The Peace Philharmonic Orchestra is a symphony orchestra based in Geneva, Switzerland. Founded in 2024 by pianist, composer and conductor Nikolay Khozyainov.

== History ==
The orchestra had its inaugural concert on January 30, 2025, at the Victoria Hall in Geneva, performing works by Mozart and Schubert. The program included the Overture from The Marriage of Figaro, Mozart's Piano Concerto No. 21, and Schubert's Unfinished Symphony. The orchestra was conducted by its founder, Nikolay Khozyainov, who also performed as soloist.

The launch of the Peace Philharmonic Orchestra was announced by Nikolay Khozyainov in numerous media interviews, including live interviews on TV5 Monde in Paris, RTS (Swiss National broadcaster), and Léman Bleu TV in Geneva.

== Concerts and public reception ==
The inaugural performance took place on January 30, 2025, at the Victoria Hall in Geneva, followed by the Spring Concert on April 11, 2025, at the same venue. The Spring concert featured Mozart's Overture from Apollo et Hyacinthus, K. 38, the Clarinet Concerto in A major, K. 622, as well as Haydn's Farewell Symphony, Hob. I:45, with Khozyainov conducting.

Victor Hache, music critic, wrote: "A symphony for peace, conducted by the Russian prodigy Nikolay Khozyainov, captivated the Victoria Hall in Geneva. At the podium and at the piano, a rare talent: Nikolay Khozyainov. At just thirty-two years old, this young Russian pianist and conductor has infused a new intensity into the works of Schubert and Mozart."
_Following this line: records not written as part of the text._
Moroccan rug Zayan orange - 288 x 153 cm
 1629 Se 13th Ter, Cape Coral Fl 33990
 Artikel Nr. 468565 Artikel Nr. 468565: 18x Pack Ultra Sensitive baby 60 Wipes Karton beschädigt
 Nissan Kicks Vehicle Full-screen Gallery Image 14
In an interview with L’Agenda, Adrien Philipp, principal clarinetist of the Peace Philharmonic Orchestra, described the orchestra's "personality" as youthful, enthusiastic, and eager to excel. He noted that the working atmosphere is ideal, contrasting it with his experiences in other orchestras where long-term members can sometimes lead to a sense of fatigue. During the inaugural concert in January 2025, Philipp observed that everyone was highly engaged, drawn not only by the uniqueness of the project but also by Nikolay Khozyainov's innovative musical interpretations.

== Venue ==
Victoria Hall in Geneva is a historic concert hall known for its exceptional acoustics and architecture. It is a central hub for music and culture in Geneva. Opened in 1894, it serves as a major venue for classical music concerts, contributing to the city's rich cultural scene.
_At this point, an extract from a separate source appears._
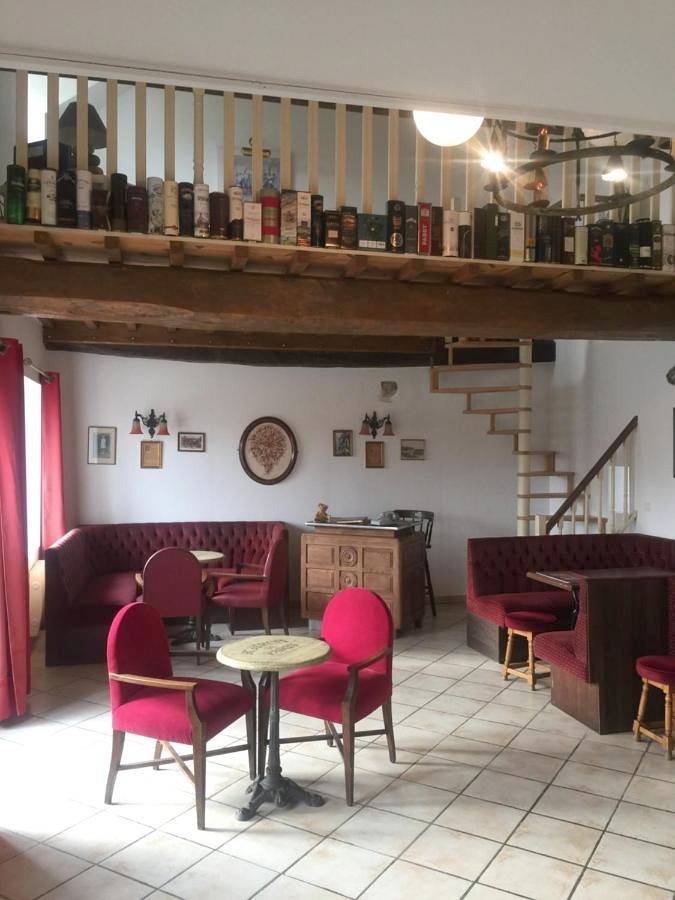 Location de vacances pour 10 personnes, avec Terrasse et Jardin à Saint-Maurice-en-Cotentin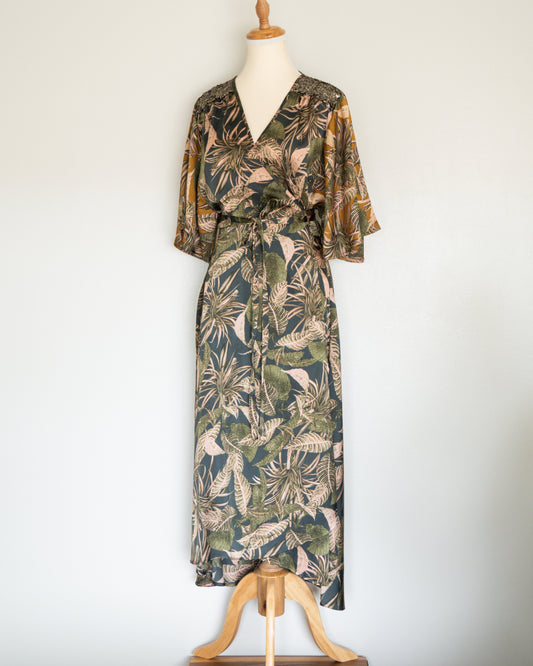 Vestido Envolvente Print Botánico - Native Rose - La Reversa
It is the primary venue for the Orchestre de la Suisse Romande, one of Switzerland's leading orchestras.

== Vision ==
The Peace Philharmonic Orchestra was established in Geneva, known as the "city of peace", home to many international institutions, to create a platform for musicians from diverse cultural and religious backgrounds, particularly from conflict-affected countries, to come together and unite through music. Khozyainov says : "At our inaugural concert, we had Russian, American, Ukrainian musicians, and many others - all performing together in harmony. Music has that unique ability. It can unite people regardless of background, language, or political situation."